O esporte e identidades locais
Não deve ser novidade para o leitor deste blogue que o esporte está intimamente ligado a profundos sentimentos de identificação dos indivíduos. Foram tantos os artigos aqui já postados sobre isso que não tenho nem mais a conta. No entanto, não me recordo de um póst que abordasse de forma mais direta a relação entre o esporte (no caso, uma prova esportiva) e a identidade da cidade. A visão do evento esportivo como o que Pierre Nora chamou de lieu de memóire, ou lugar de memória; lugares (físicos ou não) em que a consciência histórica de um povo é construída. Os lugares de memória podem ser, assim, monumentos, personalidades, edifícios, festividades, ou outros marcos que sustentam uma visão em comum de um passado, ajudando a materializar uma identidade compartilhada. E eventos esportivos podem funcionar nesse sentido (Para mais informações, ver artigo de Pierre Nora, na revista Projeto História, n. 10).
A São Silvestre apareceria assim como um dos marcos da memória paulistana. Mas não é apenas sua realização e repetição, já por quase 90 anos, que a imbui de tal representatividade. Podemos começar pelo trajeto atual da corrida (disponível no site oficial do evento).
Um olhar um pouco mais atento pode facilmente observar que diversos pontos chave para a identidade paulistana são “visitados” pela São Silvestre: o MASP, o Memorial da América Latina, o Teatro Municipal, a Praça da República, o estádio do Pacaembu, o Viaduto do Chá e a prefeitura da cidade, com a chegada em frente à Gazeta (Fundação Cásper Líbero), em homenagem ao criador do evento.
Tal mobilização de símbolos não deve ser vista como algo acidental, ainda mais nos dias de hoje, quando a transmissão da corrida pela televisão é tão significativa. A imagem a ser transmitida de São Paulo é a da cidade do MASP, do Teatro Municipal, com seu marco histórico no viaduto do Chá e o esportivo no Pacaembu. Transmite-se uma imagem selecionada da cidade, que será vista por milhares, e será compartilhada por muitos como a imagem de São Paulo.
Ao assistir a corrida, lembre-se que ela não é famosa pela dificuldade de seus parcos 15 km, mas pela sua “tradição” e pela imagem que representa da cidade de São Paulo. Esse fato não diminui sua importância. Na verdade, ele coloca a São Silvestre ao lado de eventos esportivos de grande renome no mundo, como o Tour de France ou as 500 milhas de Indianápolis; ela se torna um evento que marca sua cidade, ou seu país, se tornando um símbolo dela. Só que nas outras, não encontraríamos o the Flash.

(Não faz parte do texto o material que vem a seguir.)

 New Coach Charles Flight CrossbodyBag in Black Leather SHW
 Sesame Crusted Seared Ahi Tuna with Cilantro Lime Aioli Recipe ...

Fonte:www.historiadoesporte.wordpress.com
Comentários
Por
Edison Yamazaki
em 31 de Dezembro de 2013 às 00:04.
Não restam dúvidas de que as corridas de rua atualmente proporcionam muita propaganda para as cidades que as organizam. Mesmo com todo esse "profissionalismo" em torno dos eventos, confesso que tenho saudades do tempo em que a São Silvestre era apenas uma grande brincadeira no último dia do ano. Saída e chegada em frente a Gazeta e muita festa dos participantes. Acho que estou ficando velho.